# BT Osprey w/60 E-Tech & 5 Blade



## glgardnerjr (Mar 17, 2014)

Just bought the boat and came with a custom 5 blade prop. Top speed is only 28 mph and that's with one person and a lab in the boat. Thinking I should go to a 4 blade but wondering if I'll give up any hole shot. I've got a 4 blade Baumann Power Blaster on my shallow sport and it performs extremely well. Any suggestions?


----------



## ShallowLA (Jul 14, 2012)

I run a Powertech RXB4 15 pitch and love it! I'm running an etec 50 on the same hull, but a 15/16 pitch would probably be perfect for your 60. I'm getting 32+ at full throttle and the hole shot is great even without using trim tabs. Using trim tabs will give fantastic holeshot results. The jack plate can also be extremely handy.
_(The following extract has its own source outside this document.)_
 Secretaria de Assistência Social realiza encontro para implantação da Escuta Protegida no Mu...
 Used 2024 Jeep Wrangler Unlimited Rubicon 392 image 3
This prop is about $500 new.
Would like to hear what you decide on and how it performs.


----------



## Reel_Lucky2 (Sep 19, 2012)

I'm very happy with my 3 blade from Jack Foreman at Crossroads propeller. Most think you need a 4 blade, but the 3 (with very aggressive cup) really works well. You give on the top end, but hole shot and ability to run with the jack all the way up is excellent. I have a BT BTX with a tunnel and 70hp yamaha 2 stroke.


----------



## Rookiemistake (Jan 30, 2013)

Im running the stock 3 blade and get about 27mph on the osprey with a 50hp.i just installed new controls so i think i have to play with the throttle cables a bit and try to get the top end rpms closer to manufacturers full throttle specs. They are a little low maybe 5300.... pretty light just me and the wife joy riding and no gear...

What rpms are yall at wot?


----------



## ShallowLA (Jul 14, 2012)

Think I'm around 5600 or so with this 4-blade.


----------